A primary front in the Midwestern recruiting wars and a sensible rivalry within the skewed geography of the UAA, the Chicago–Wash U hate-fest has in the past been meaningful mostly to players and coaches. This weekend, with the stakes for all four basketball teams higher than ever before, all of that began to change.
With three squads vying for a conference title and one needing one last win to stay in the NCAA tournament picture, a large crowd was expected for Chicago’s trip to St. Louis. From the opening moments of the women’s game until a wave of students charged the court after the men’s bout went final, the Wash U fans—and their severely out-numbered but not out-spirited U of C counterparts—helped turn the rivalry weekend into something more significant than just another end-of-season UAA game.

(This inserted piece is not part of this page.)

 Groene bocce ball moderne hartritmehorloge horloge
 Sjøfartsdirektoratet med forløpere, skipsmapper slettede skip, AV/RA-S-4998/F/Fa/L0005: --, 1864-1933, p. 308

As the seconds ticked away in men’s basketball’s 79–74 loss Saturday, the crowd inside the Wash U Field House began to rock in anticipation. From the Phi Delt “Bomb Squad” seated next to the pep band—itself clad in army camouflage—to the shirtless students in the front row, to the face-painted, red T-shirt–toting denizens and the idol-worshipping students in “Sean Wallis #24” T-shirts filling out the lower level of seating, cheering erupted from every corner of the gym. Relentless in their fervor for most of the afternoon, the packed student section could hold back no more as the clock struck zero on the Maroons’ outright UAA title hopes.
Beginning as a timid trickle then breaking off into a full-scale swarm, the Bears faithful stormed the court like a bunch of, well, college kids. At that moment, Wash U Field House could just as easily have been Naismith or Cameron or Gallagher-Iba: The thrill of victory is the same no matter the level. It was a fitting, if bittersweet, conclusion to a day that marked the next step in the evolution of the Chicago–Wash U rivalry.
Much was made before the game of the steps being taken by the hosts to boost attendance for the game. But efforts by the Wash U athletic department to promote the game as a chance to “Paint the Field House Red” were undermined by lack of funding, and an intra-frat competition likely helped boost the attendance figures only marginally. The truth of the matter was that the vast majority of the 2,200 people showed up for a basketball game for one simple reason: to watch Wash U beat Chicago (or vice versa).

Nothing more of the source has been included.